# Rockwell Beaver 10" Band Saw



## Pabs (Dec 10, 2008)

HI all

new to this site, spent a couple if hours last night checking some of the amazing projects! 
some real talent out there..

I have a small workshop (16 feet by 20) . and slowly building up my arsenal of tools (power and hand)

one tool I don't have yet is a band saw… 
yesterday a friend sent me an add for a used Rockwell band saw.. he's only asking 200$ for it..

is 10" too small? I know Rockwell is a good brand… not sure on the age of this machine…emailed him but he hasn't replied yet.

but do you guys think a 10" band saw is too small.? will it limit me too much? should I just save my money and buy a 14" model when I can afford one?

is 200$ too much for this type of tool? he claims it's in good condition

thanks for any input/advice

Pabs


----------



## dsb1829 (Jun 20, 2008)

I don't know anything about the Rockwell in question, but typically anything under 12" is hobby shop territory.

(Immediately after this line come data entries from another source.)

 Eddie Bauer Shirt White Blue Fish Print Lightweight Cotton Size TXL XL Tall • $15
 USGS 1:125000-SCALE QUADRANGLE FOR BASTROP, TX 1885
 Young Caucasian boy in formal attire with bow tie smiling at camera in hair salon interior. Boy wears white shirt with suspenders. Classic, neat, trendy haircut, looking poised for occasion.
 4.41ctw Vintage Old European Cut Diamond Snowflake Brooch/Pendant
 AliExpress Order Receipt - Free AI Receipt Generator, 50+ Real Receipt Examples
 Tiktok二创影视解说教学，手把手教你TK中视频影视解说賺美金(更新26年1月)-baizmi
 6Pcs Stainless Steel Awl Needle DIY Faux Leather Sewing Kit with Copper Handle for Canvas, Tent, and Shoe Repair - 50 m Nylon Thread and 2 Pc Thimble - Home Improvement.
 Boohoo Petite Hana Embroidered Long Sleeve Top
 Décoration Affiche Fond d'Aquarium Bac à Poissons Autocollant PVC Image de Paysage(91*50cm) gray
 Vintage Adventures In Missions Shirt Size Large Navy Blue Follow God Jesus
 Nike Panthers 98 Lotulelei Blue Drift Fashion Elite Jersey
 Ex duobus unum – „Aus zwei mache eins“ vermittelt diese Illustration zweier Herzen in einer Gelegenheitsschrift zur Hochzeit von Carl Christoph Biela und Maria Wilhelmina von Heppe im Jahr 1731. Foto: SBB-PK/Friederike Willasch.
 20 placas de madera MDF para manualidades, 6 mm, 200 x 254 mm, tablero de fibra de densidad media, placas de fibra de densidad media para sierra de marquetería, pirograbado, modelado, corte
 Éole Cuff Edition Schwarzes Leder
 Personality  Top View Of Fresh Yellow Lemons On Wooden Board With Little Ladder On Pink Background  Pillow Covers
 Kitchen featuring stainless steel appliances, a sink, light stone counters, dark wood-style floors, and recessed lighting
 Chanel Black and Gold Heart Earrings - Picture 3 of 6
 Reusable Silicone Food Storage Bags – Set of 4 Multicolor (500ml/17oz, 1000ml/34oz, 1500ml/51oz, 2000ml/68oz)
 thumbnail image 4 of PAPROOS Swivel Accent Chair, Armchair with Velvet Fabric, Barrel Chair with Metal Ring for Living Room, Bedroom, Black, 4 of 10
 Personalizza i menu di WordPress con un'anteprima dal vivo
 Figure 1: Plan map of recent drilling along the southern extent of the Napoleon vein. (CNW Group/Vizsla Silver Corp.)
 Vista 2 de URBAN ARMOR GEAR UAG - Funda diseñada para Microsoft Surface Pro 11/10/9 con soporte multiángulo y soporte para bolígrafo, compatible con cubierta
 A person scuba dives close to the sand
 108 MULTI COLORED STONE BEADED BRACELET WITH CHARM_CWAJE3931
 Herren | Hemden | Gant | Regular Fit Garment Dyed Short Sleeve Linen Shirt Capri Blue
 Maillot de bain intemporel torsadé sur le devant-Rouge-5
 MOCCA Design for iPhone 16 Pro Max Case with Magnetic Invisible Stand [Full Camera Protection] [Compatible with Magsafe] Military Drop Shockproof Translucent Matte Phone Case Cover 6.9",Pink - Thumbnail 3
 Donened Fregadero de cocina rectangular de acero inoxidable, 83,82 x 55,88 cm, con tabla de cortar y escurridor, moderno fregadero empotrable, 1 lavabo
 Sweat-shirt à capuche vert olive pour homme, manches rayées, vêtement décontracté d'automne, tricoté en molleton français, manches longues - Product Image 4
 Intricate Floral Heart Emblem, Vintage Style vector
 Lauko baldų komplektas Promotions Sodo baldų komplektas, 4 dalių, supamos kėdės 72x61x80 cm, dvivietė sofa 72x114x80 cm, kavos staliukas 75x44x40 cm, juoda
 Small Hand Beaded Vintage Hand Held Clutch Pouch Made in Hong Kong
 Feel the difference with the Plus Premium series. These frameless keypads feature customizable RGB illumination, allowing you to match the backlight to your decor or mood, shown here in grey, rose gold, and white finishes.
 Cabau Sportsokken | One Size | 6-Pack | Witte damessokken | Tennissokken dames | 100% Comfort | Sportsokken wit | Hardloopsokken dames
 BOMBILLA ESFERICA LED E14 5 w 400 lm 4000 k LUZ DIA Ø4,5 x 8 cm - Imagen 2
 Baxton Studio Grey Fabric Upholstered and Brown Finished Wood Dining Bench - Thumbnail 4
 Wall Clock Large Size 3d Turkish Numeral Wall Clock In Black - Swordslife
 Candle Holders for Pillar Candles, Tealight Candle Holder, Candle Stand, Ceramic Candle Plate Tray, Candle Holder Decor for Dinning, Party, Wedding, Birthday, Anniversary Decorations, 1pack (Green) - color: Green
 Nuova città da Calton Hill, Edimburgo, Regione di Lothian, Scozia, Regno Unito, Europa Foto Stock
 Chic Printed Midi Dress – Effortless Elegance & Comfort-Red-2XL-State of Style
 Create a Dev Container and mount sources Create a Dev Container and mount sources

I have a small craftsman bandsaw that is either 9in or 10in. I wouldn't even think of putting anything over about 24in long and 1in thick through it. I picked up a 14in Ridgid a few months back and it transformed my bandsawing to full capacity ripping, resawing, and milling of rough lumber. I usually keep a 5/8in blade on it, but can swap out to a smaller blade if detail or curve work is in order.

The small saw sits unused. It could be handy for scroll work, but I have a scroll saw for that. Only reason I hang onto it is that I might convert it over to a belt sander.

If I had it to do again I would likely save up a bit more and get a Rikon 14in to get a bit more power and resaw capacity without a riser block.


----------



## sbryan55 (Dec 8, 2007)

This is my response to a similar question posted in the forum section.

As far as the price goes, a tool is worth whatever you are willing to pay for it. But to be honest with you can get new 10" band saws just under $200.


----------



## marcb (May 5, 2008)

200 is way to much, I paid less than that for a fully equipped 14" saw (riser, blades, fence)


----------